Exercise objective: Return only the lines running from the top of the entries to the line with "Clover set (black and green)", inclusive, exactly as written.

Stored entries
<<<<
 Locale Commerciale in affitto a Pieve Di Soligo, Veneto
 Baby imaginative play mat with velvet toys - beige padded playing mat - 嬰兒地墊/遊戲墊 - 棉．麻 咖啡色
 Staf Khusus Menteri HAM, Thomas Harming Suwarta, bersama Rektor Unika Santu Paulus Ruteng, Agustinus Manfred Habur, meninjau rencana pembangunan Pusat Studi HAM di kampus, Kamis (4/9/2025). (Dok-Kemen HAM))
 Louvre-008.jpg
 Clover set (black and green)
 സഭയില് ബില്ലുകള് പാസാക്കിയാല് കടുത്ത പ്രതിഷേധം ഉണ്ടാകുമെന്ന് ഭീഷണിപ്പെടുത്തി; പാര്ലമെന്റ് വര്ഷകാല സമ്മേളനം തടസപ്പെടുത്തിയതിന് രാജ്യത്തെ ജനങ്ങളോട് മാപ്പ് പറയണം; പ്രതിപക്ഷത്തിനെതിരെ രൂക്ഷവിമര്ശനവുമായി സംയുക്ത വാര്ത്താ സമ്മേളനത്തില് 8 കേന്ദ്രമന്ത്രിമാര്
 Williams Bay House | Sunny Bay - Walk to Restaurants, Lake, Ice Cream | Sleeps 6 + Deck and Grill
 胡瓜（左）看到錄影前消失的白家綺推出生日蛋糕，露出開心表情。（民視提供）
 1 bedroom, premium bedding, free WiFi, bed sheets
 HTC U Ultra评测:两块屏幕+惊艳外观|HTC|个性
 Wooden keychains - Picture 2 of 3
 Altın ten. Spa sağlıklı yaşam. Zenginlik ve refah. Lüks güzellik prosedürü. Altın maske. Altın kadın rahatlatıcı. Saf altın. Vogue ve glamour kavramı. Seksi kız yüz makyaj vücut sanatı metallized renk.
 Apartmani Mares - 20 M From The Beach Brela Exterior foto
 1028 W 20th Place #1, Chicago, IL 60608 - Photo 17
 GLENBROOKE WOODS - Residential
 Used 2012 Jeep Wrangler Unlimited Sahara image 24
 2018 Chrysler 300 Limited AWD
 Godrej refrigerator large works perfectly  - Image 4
>>>>
Written answer:
 Locale Commerciale in affitto a Pieve Di Soligo, Veneto
 Baby imaginative play mat with velvet toys - beige padded playing mat - 嬰兒地墊/遊戲墊 - 棉．麻 咖啡色
 Staf Khusus Menteri HAM, Thomas Harming Suwarta, bersama Rektor Unika Santu Paulus Ruteng, Agustinus Manfred Habur, meninjau rencana pembangunan Pusat Studi HAM di kampus, Kamis (4/9/2025). (Dok-Kemen HAM))
 Louvre-008.jpg
 Clover set (black and green)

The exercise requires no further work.